[[ Records supplied, beginning ]]

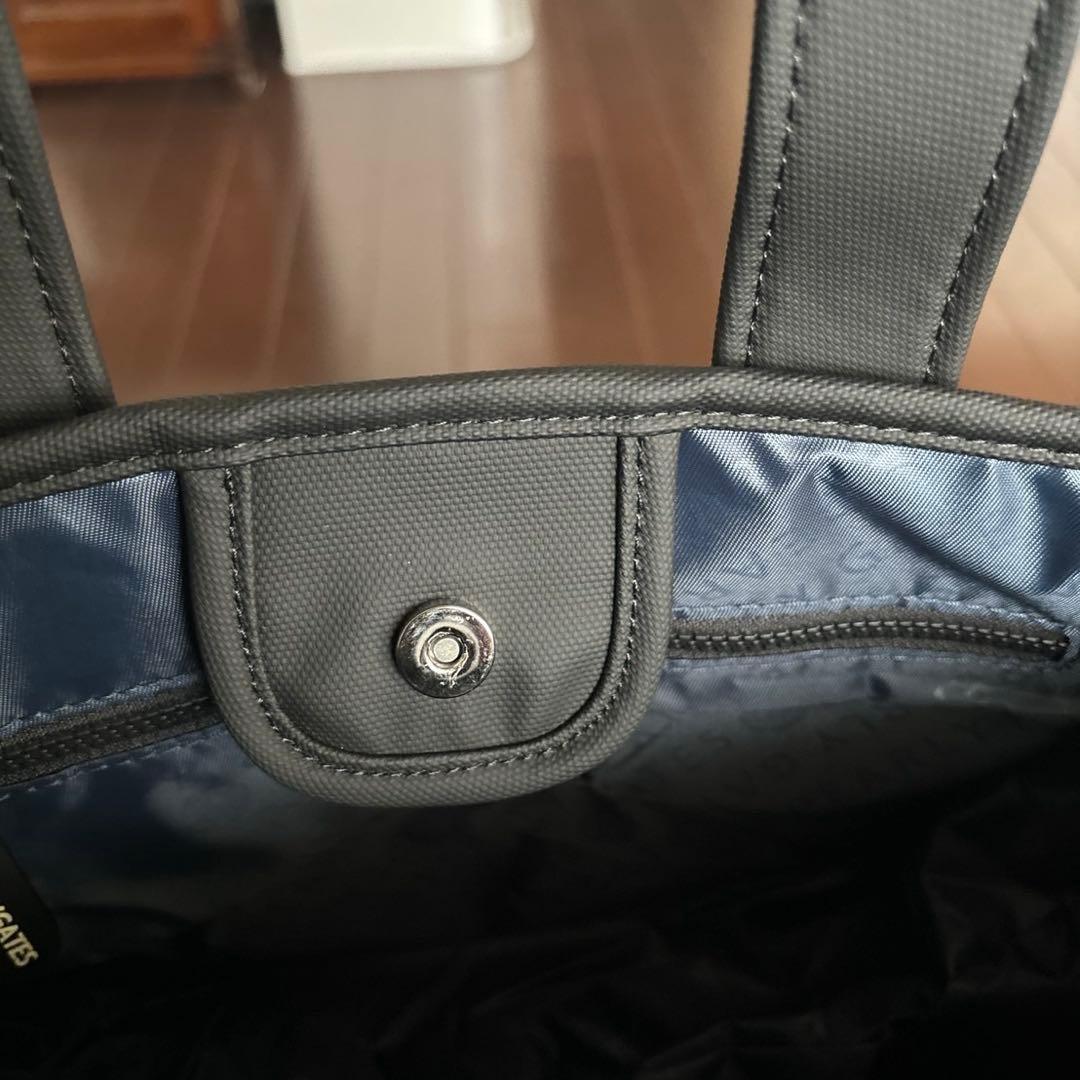 パーリーゲイツ　PGGゴルフロゴカートBAG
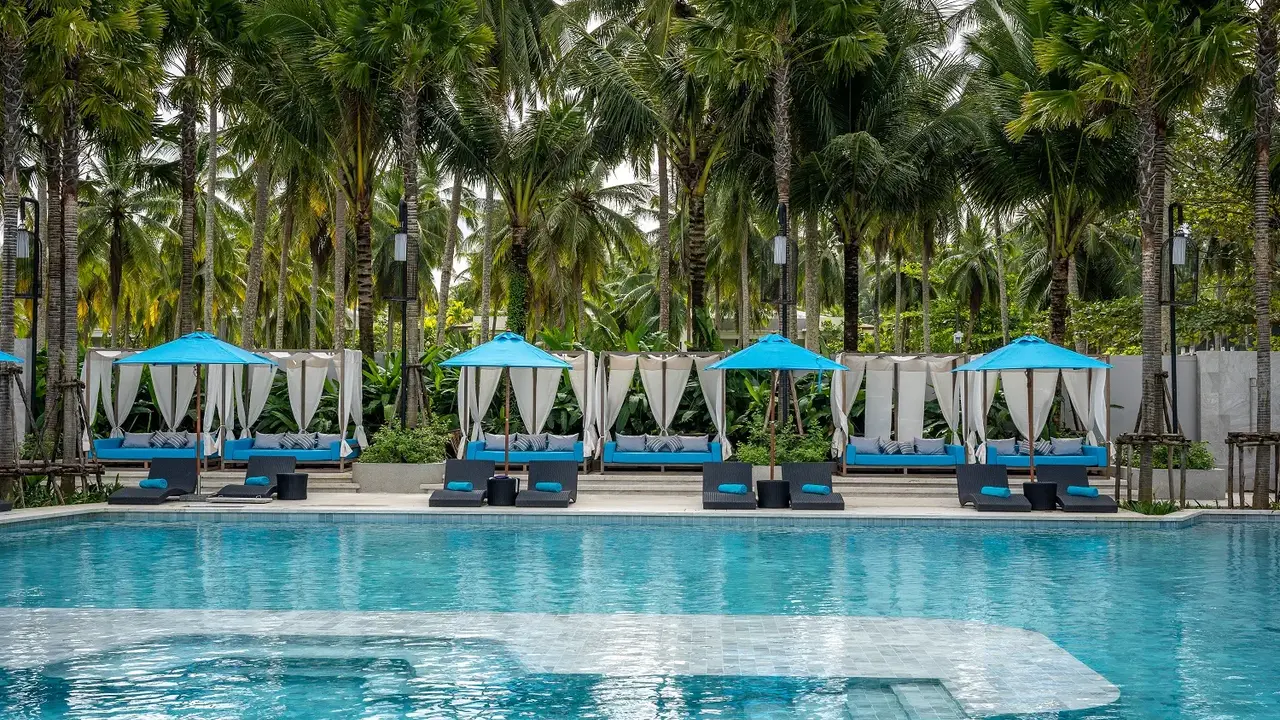 Grand Mercure Khao Lak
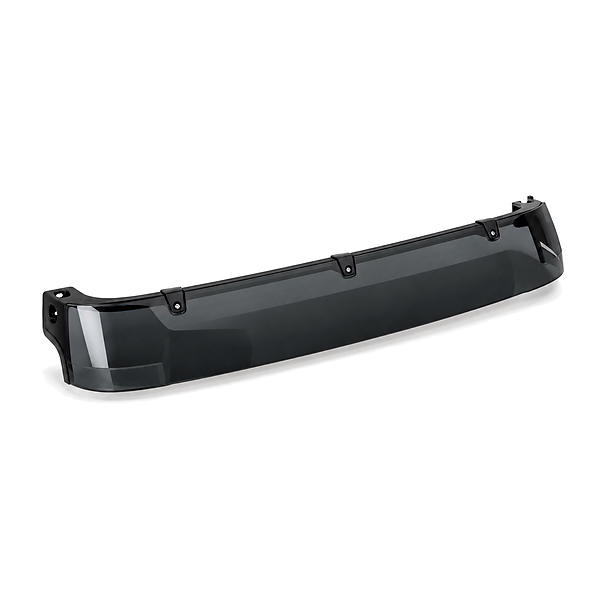 712W63701-0015 Sun Visor for SINOTRUK HOWO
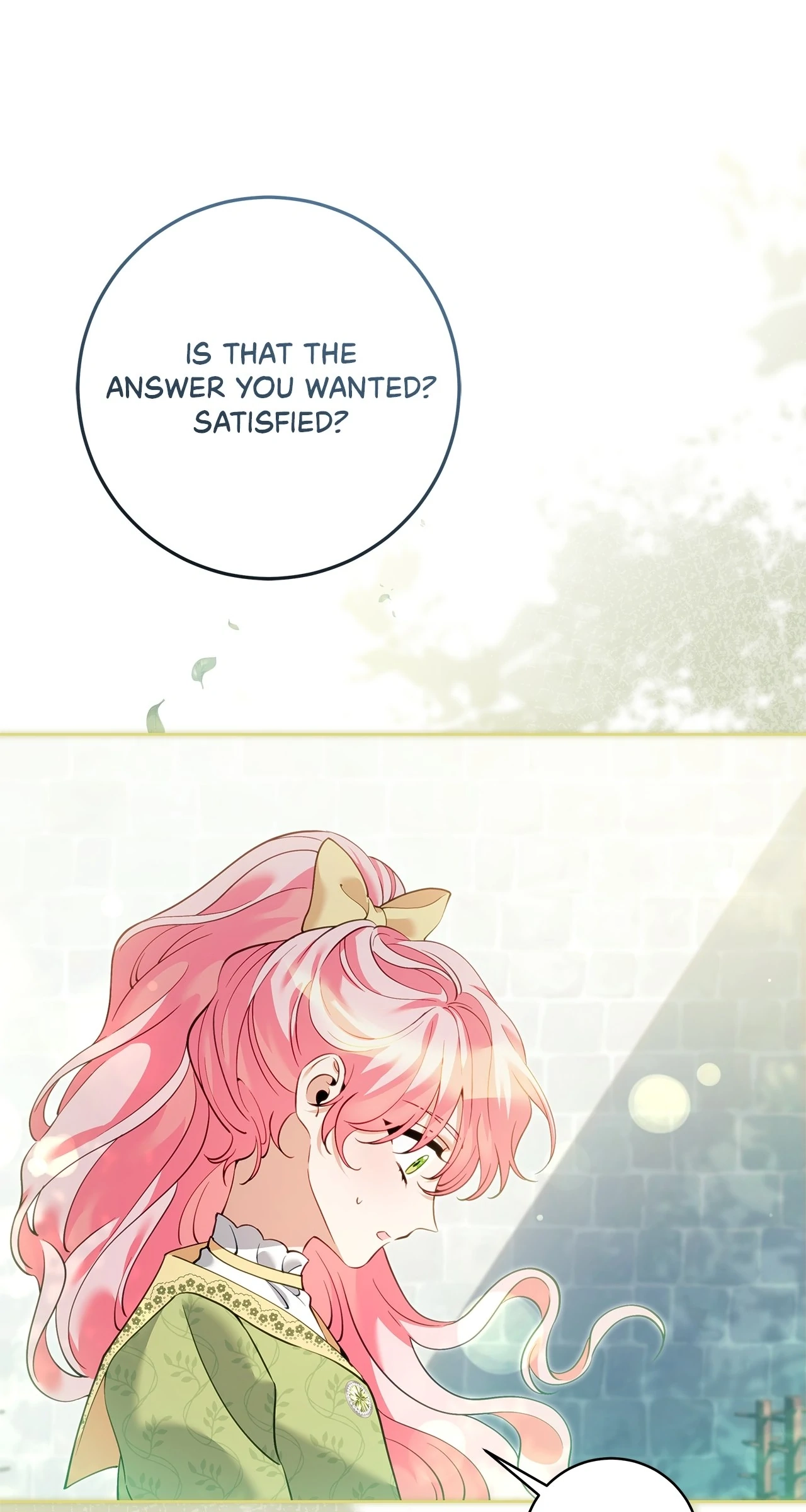 Read I Became a Wretched Extra in a Healing Story Manga Online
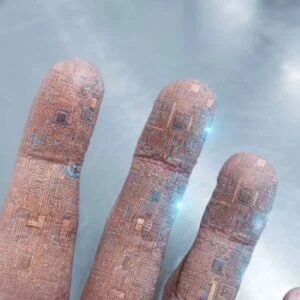 Wrinkled Fingers After Water Exposure: The Shocking Biological Tr
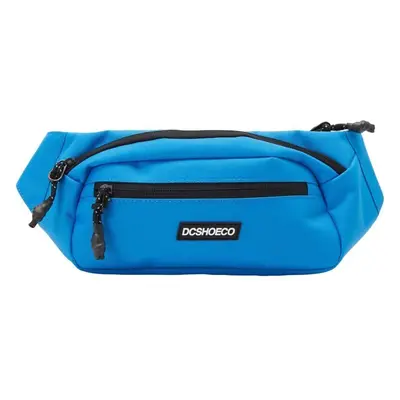 Bolsa DC Shoes Tussler Fanny Pack 1.5l, Azul, Unissex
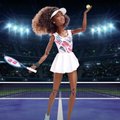 Теннисистка Наоми Осака стала прообразом куклы Barbie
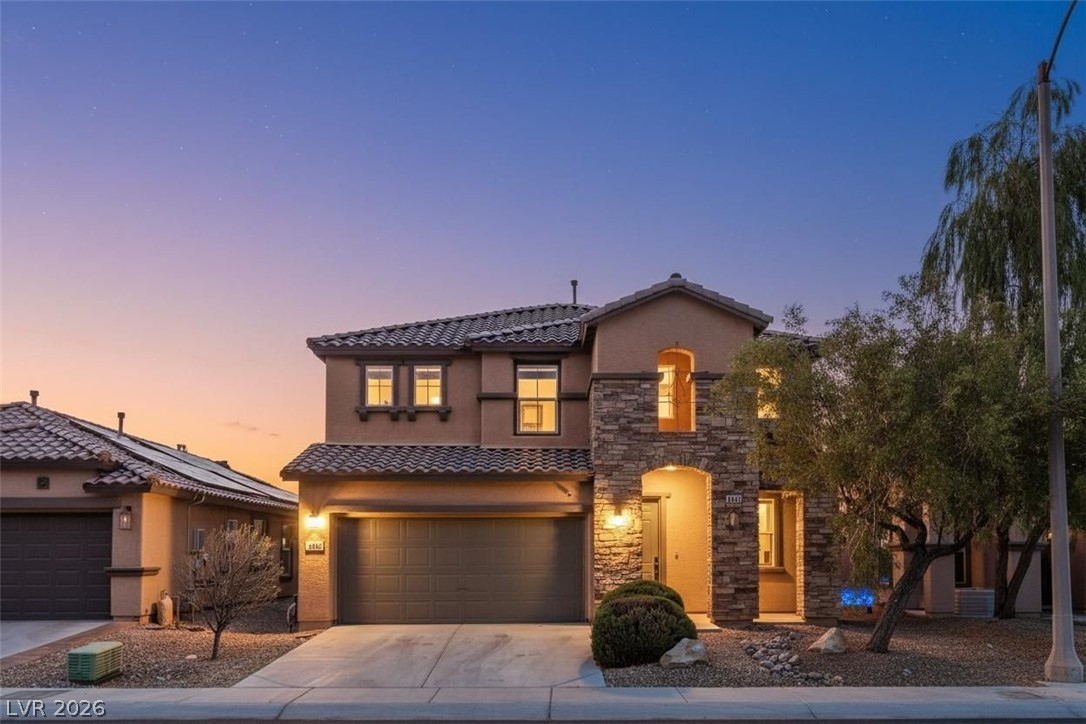 7304 Apache Mission Court Las Vegas NV 89179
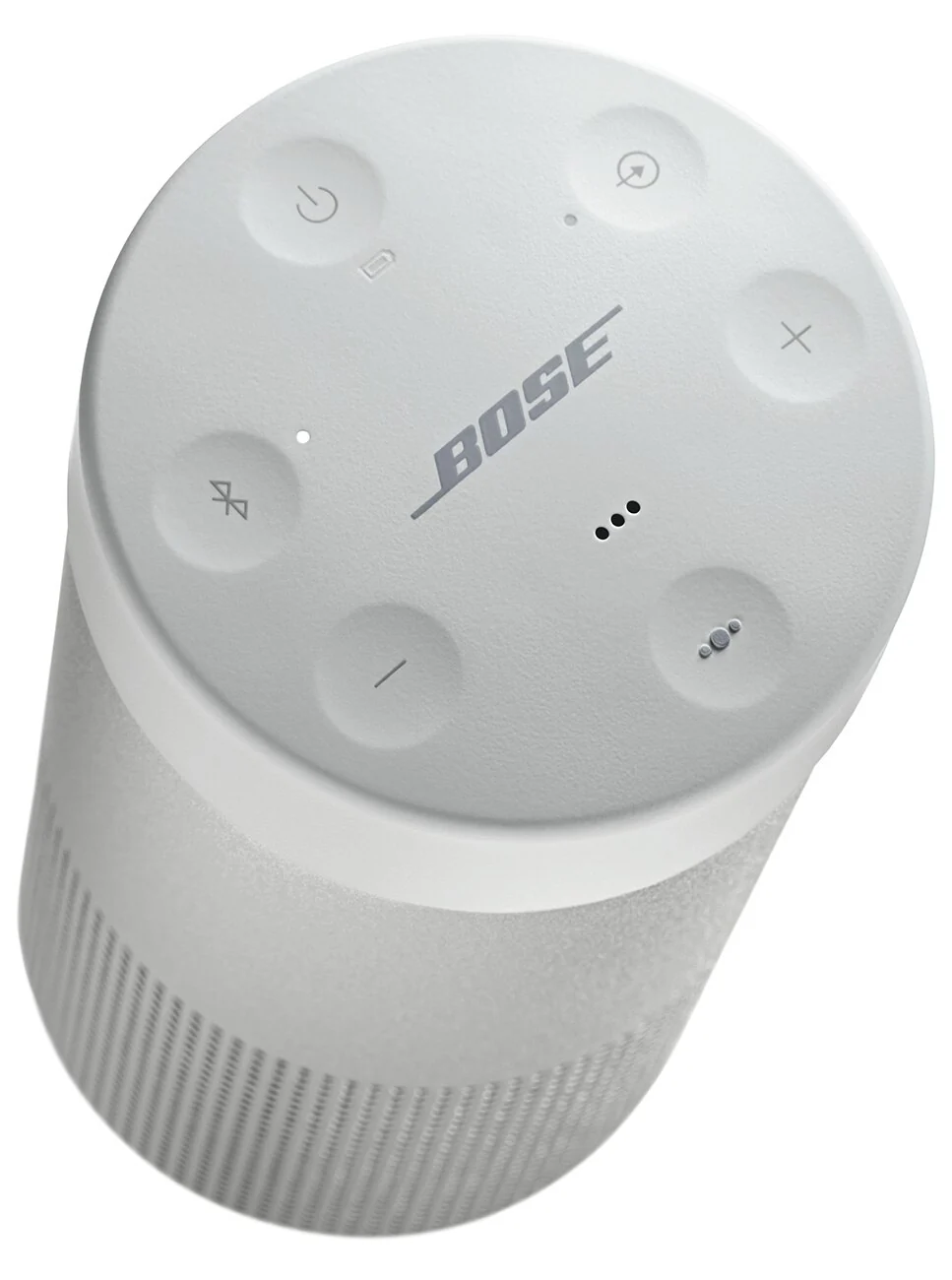 Bose SoundLink Revolve Series II Bluetooth Speaker 120V - Luxe S - Image 3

[[ Records supplied, end ]]

_Exercise requirements_
Reproduce all entries without any change, and omit the pictures.

_Result of this task_
 パーリーゲイツ　PGGゴルフロゴカートBAG
 Grand Mercure Khao Lak
 712W63701-0015 Sun Visor for SINOTRUK HOWO
 Read I Became a Wretched Extra in a Healing Story Manga Online
 Wrinkled Fingers After Water Exposure: The Shocking Biological Tr
 Bolsa DC Shoes Tussler Fanny Pack 1.5l, Azul, Unissex
 Теннисистка Наоми Осака стала прообразом куклы Barbie
 7304 Apache Mission Court Las Vegas NV 89179
 Bose SoundLink Revolve Series II Bluetooth Speaker 120V - Luxe S - Image 3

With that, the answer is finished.